Elections à Kiev, Ukraine. © reuters

Elections européennes: l’abstention en hausse continue, records à l’Est

Le Vif

Scrutin après scrutin, les élections européennes mobilisent de moins en moins: en moyenne, dans l’UE, plus d’un électeur sur deux déserte les isoloirs, une abstention particulièrement spectaculaire à l’Est, qui touche aussi les pays fondateurs.

Hausse continue

En 1979, lors du premier scrutin, 38% des électeurs avaient boudé les urnes. Depuis, l’abstention a augmenté élection après élection, pour culminer à 57,4% lors des dernières européennes en 2014.

Paradoxalement, l’abstention a augmenté en même temps que les pouvoirs du Parlement. La chambre, dont les prérogatives étaient très limitées en 1979, est désormais, sur un certain nombre de sujets, co-législateur à égalité avec le Conseil de l’Union européenne.

Une Europe lointaine

Dans la quasi-totalité des pays, l’abstention est plus élevée aux élections européennes qu’aux législatives. « L’écart est en moyenne de 25 points et s’observe à l’Ouest comme à l’Est », note Olivier Rozenberg, professeur à Sciences Po Paris, interrogé par l’AFP.
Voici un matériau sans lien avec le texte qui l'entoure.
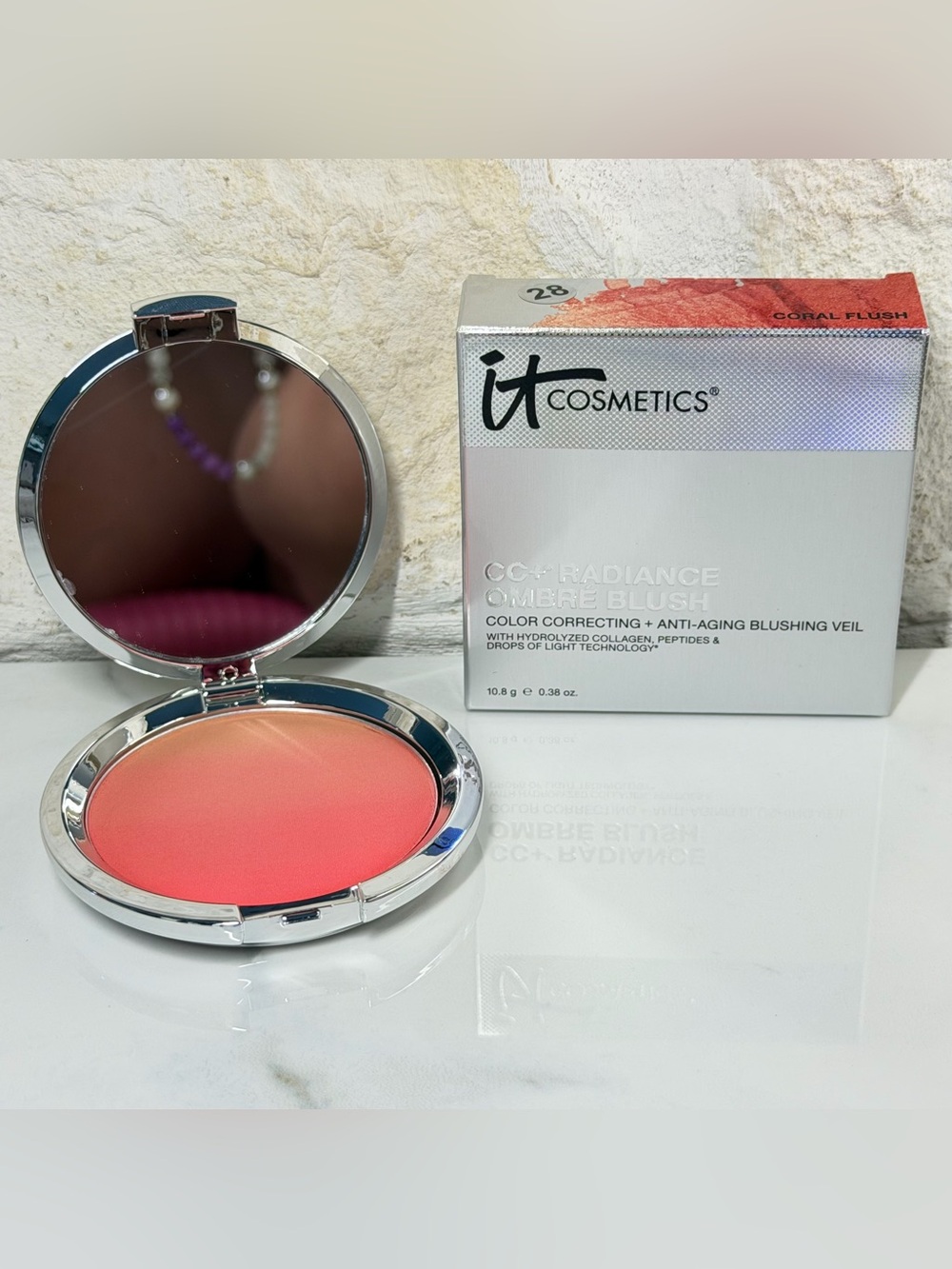 ⭐ IT COSMETICS CC+ RADIANCE OMBRE BLUSH CORAL FLUSH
Il s’agit d’un « phénomène normal pour une élection se déroulant au niveau +fédéral+, c’est-à-dire moins proche des citoyens que les niveaux national et local », estimait l’institut Jacques Delors, think tank fondé par l’ex-président français de la Commission européenne, dans une note publiée en 2014.

En septembre 2018, seuls 48% des Européens avaient le sentiment que leur voix « compt(ait) dans l’UE », contre 62% dans leur propre pays, selon le dernier Eurobaromètre du Parlement européen.

Décrue du vote obligatoire

En 1979, le vote était obligatoire dans trois des neuf pays de la Communauté économique européenne (CEE) – Italie, Belgique et Luxembourg – qui regroupaient un quart (26%) du corps électoral.

Cette proportion est tombée à environ 5% depuis l’abandon du vote obligatoire par l’Italie dans les années 1990, ce qui « a probablement joué un rôle important dans le déclin du taux de participation globale » aux européennes, analysait l’institut Delors en 2014.

Néanmoins, le vote obligatoire n’est pas toujours le garant d’une forte participation, des électeurs n’hésitant pas à enfreindre la loi. Si l’abstention est toujours très faible en Belgique et au Luxembourg (entre 10% et 15%), elle a atteint, en 2014, 40% en Grèce et 56% à Chypre.

En mai prochain, cinq pays appliqueront le vote obligatoire: Belgique, Grèce, Bulgarie, Chypre et Luxembourg.

Records à l’Est

En 2014, la Slovaquie a établi un record d’abstention de 87%.

Au-delà de ce cas particulier, figuraient, parmi les 12 pays affichant la plus forte abstention, dix pays de l’ex-bloc de l’Est. Anciennement sous domination communiste, ce sont de jeunes démocraties entrées récemment dans l’Union européenne lors des élargissements de 2004, 2007 et 2013.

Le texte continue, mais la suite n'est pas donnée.